Available data:
__________
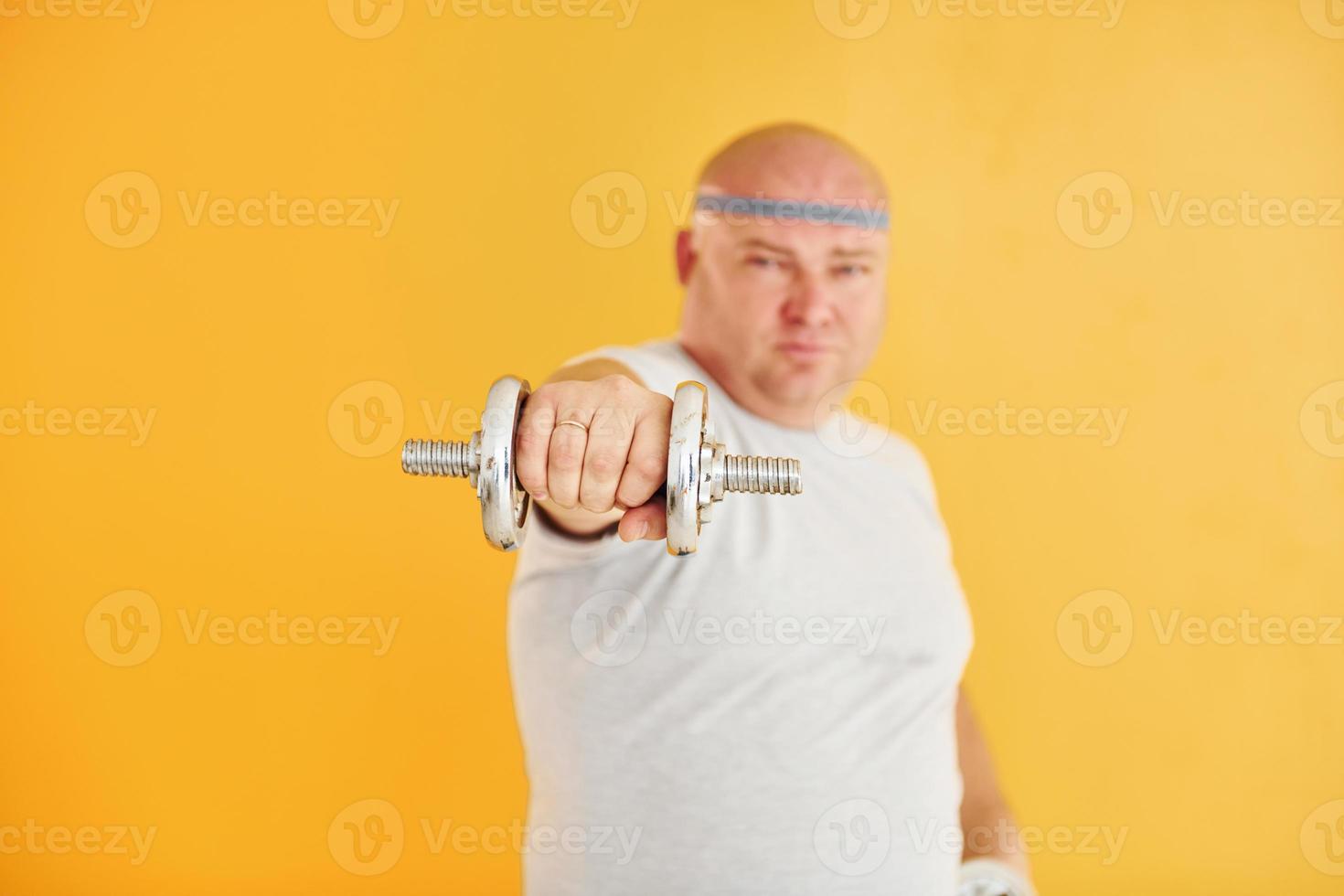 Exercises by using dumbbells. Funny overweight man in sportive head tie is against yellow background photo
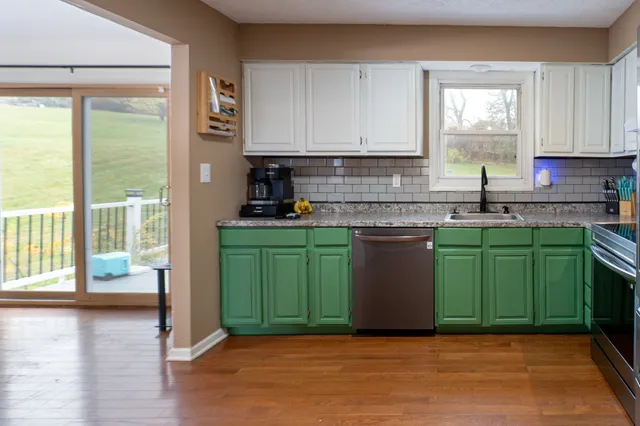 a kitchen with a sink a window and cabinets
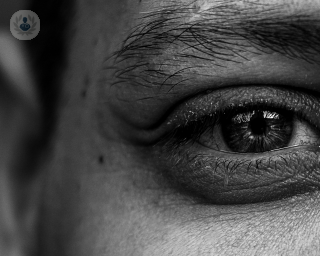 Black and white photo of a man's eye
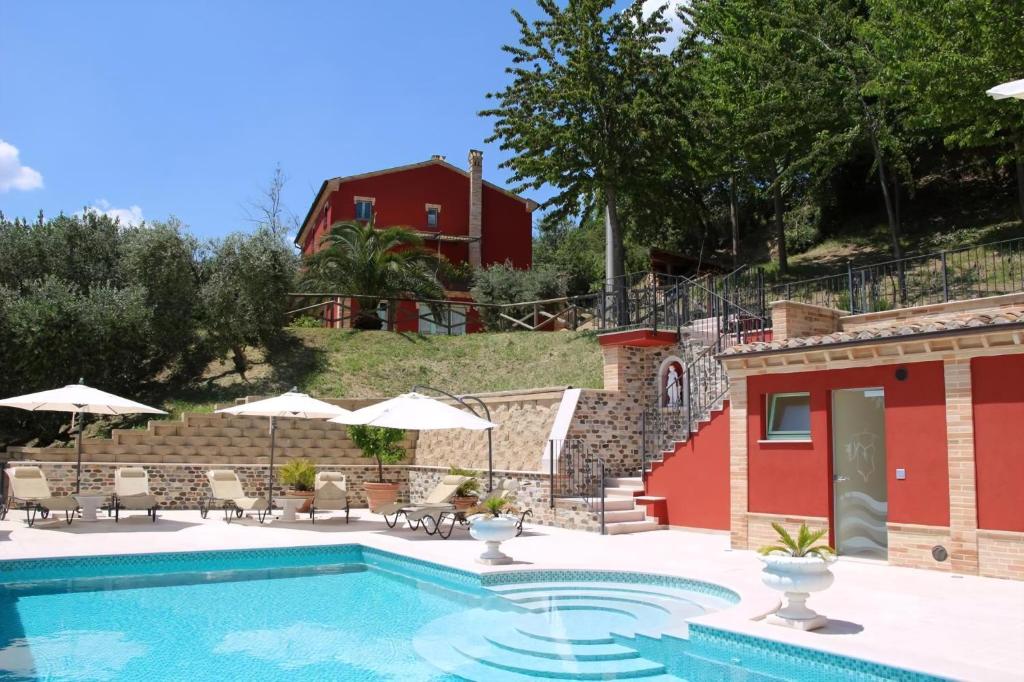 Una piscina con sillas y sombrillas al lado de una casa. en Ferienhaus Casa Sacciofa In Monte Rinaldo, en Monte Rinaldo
__________
Problem description: Line by line and exactly, write out the material above. Skip the pictures.

Result of the exercise:
 Exercises by using dumbbells. Funny overweight man in sportive head tie is against yellow background photo
 a kitchen with a sink a window and cabinets
 Black and white photo of a man's eye
 Una piscina con sillas y sombrillas al lado de una casa. en Ferienhaus Casa Sacciofa In Monte Rinaldo, en Monte Rinaldo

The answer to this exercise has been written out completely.